Ich hörte nicht auf zu weinen, denn mein kleiner Traum, unser kleiner Traum war gerade zerplatzt. Ich habe so laut geweint, ich bin sicher, dass die Frau in der Rennzentrale mich im Hintergrund durch das Telefon gehört hatte, als mein Vater(?) unsere Aufgabe meldete. Aber in diesem Moment war ich mir so sicher, dass das die richtige Entscheidung ist. Das war ich mir auch noch am Tag danach, obwohl ich mich das ganze Wochenende wie eine Verliererin gefühlt hatte.
Nun sind einige Tage vergangen und – auch wenn man das nicht tun sollte – zweifle ich an meiner Entscheidung. Ich überlege mir, ob ich eine Pause im Auto hätte machen sollen, ob ich nicht doch hätte versuchen sollen zu essen, oder ob ich wirklich an meiner Grenze war?

Das alles bringt mir nichts ausser noch mehr schlaflose Nächte und verschwendete Zeit. Ich konzentriere mich nun auf die Zukunft. Seit einer Woche bin ich wieder am Trainieren und werde die Intensität über Zeit kontinuierlich steigern. Ich interessiere mich für eine Ernährungsumstellung, die hoffentlich meine Leistungsfähigkeit optimieren wird und freue mich daher schon sehr auf wertvolle Inputs und Hilfe von Coni. Sie und Carmen von der Aktiv Physio waren dieses Jahr Teil eines genialen Betreuerteams, welches meinem Vater und mir hundertprozentige Unterstützung geboten hat. Ohne diese Hilfe und Betreuung auf hohen Niveau, wären wir bestimmt nicht so weit gekommen.

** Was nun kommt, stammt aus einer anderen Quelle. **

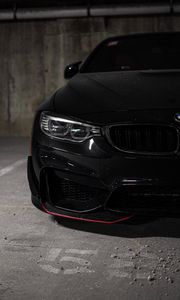 Preview wallpaper bmw, car, black, front view, headlight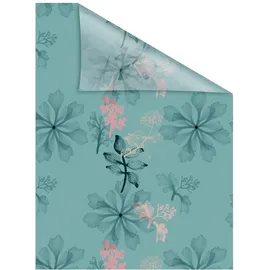 Lichtblick Fensterfolie selbstklebend, Sichtschutz, Aqua Floral - blau B/L: ca. 100x180 cm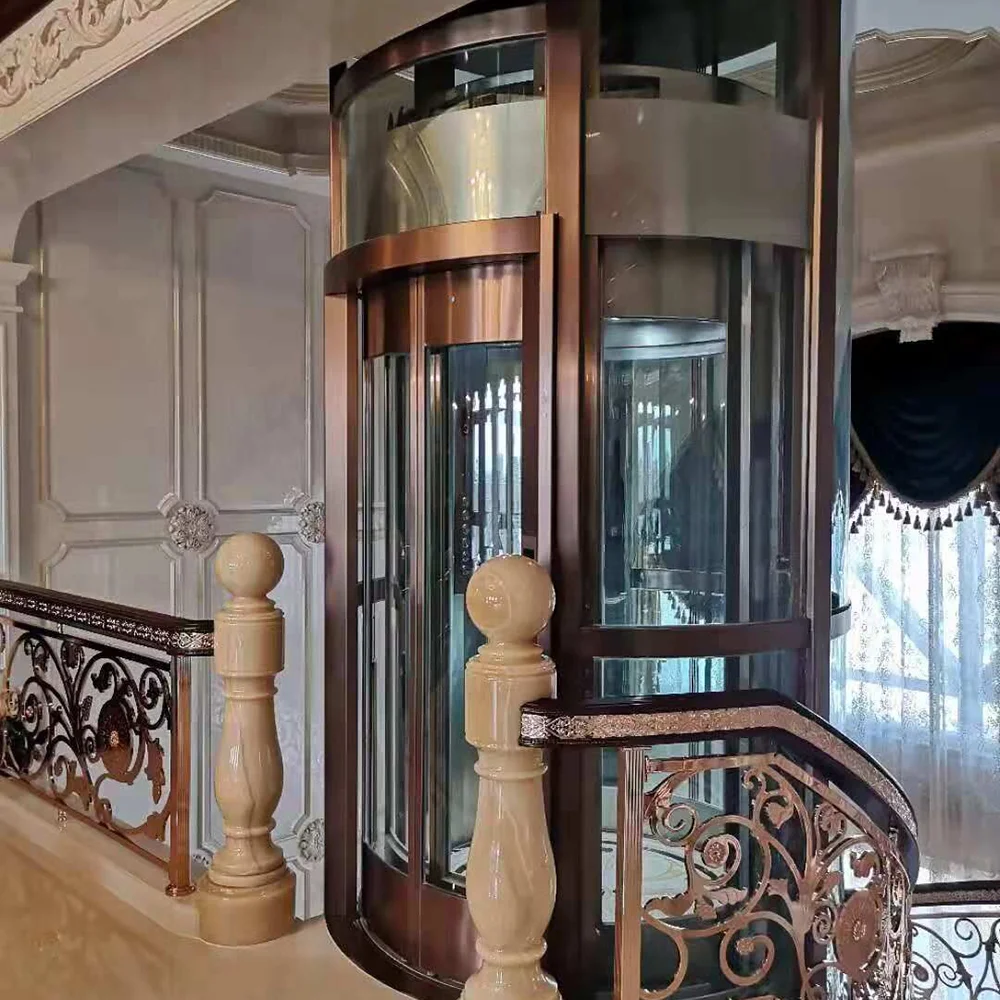 Round Panoramic Observation Elevator Without Machine Room Residential Glass Elevator Home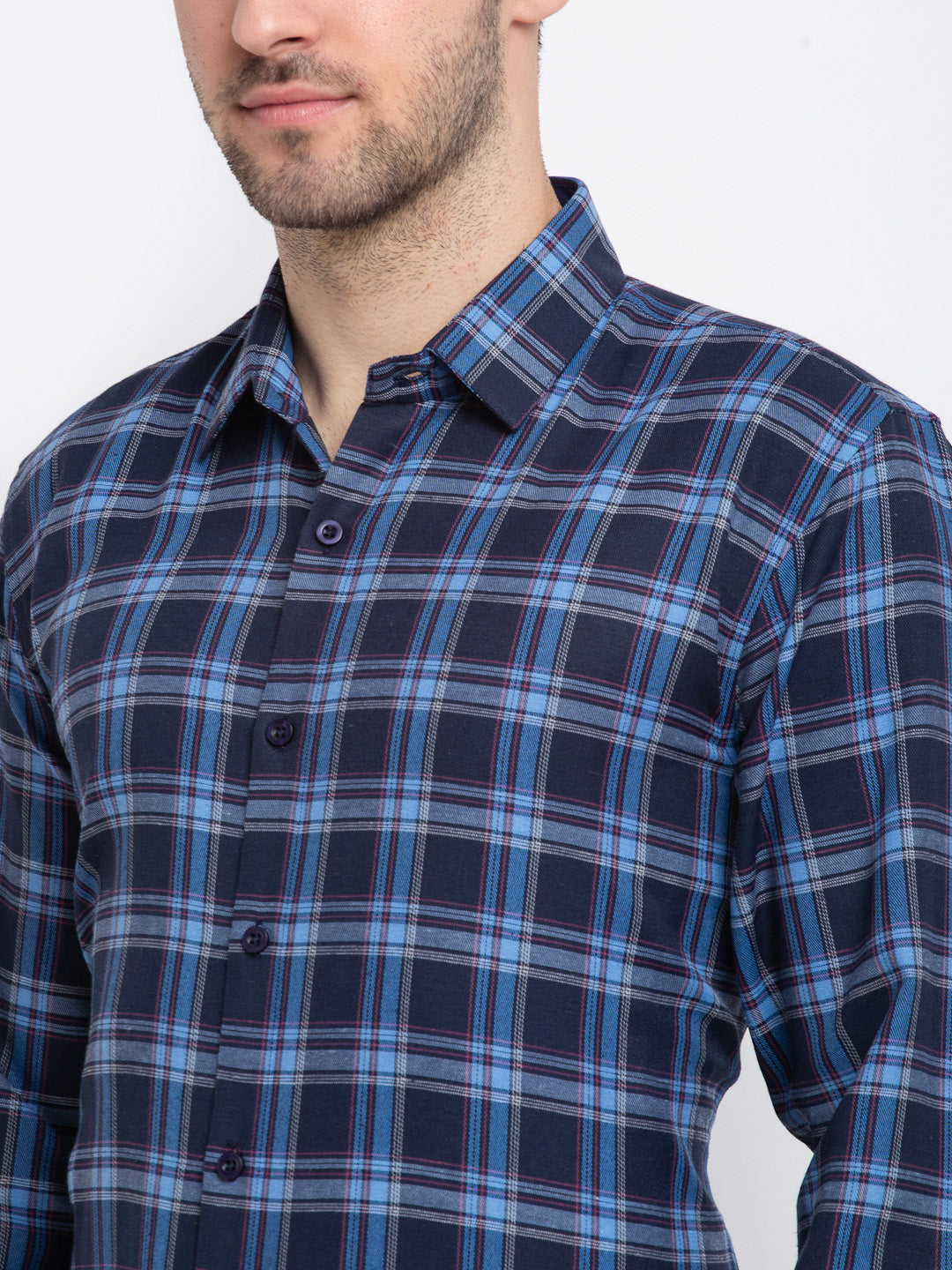 Jainish Blue Men's Checked Cotton Formal Shirt ( SF 786Blue ) - Distacart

Was ich nicht verlieren möchte, ist meine Freude. Obwohl das Ganze für mich in einem regelrechten Desaster endete, gab es unglaublich viele schöne Momente, die ich nicht vergessen werde. Der Sonnenaufgang, die Berge, das Glitzern der Sonne auf dem See, oder das wunderbare Gefühl, wenn man auf einer Passhöhe ankommt. All das und noch vieles mehr darf ich dank dem Radfahren erleben. Ich schätze mich glücklich, dass ich solche Erlebnisse haben darf und bin sehr dankbar, für die Unterstützung, die ich von allen Seiten kriege.

Bisher hatte ich weder im Sport noch in der Schule wirklich versagt und war mir demnach nicht bewusst, was es heisst, ein Ziel nicht zu erreichen, oder etwas nicht fertigzubringen.

In den vergangenen Tagen habe ich gelernt, dass ich keine Verliererin bin. Sehr viele Leute haben mir für unsere Leistung gratuliert, man hätte meinen können, wir hätten die 1000 Kilometer geschafft. Inzwischen bin ich auch stolz auf mich selbst, besonders weil ich nicht aufgebe. Gedanklich bin ich schon bei der TORTOUR 2020 und werde alles geben, um den kleinen Traum doch war zu machen. Dazu gehört noch mehr Training, Schweiss und Leidenschaft als letztes Jahr, aber dafür bin ich bereit. Denn mein Vater erinnert mich fast täglich daran: «We have unfinished business.»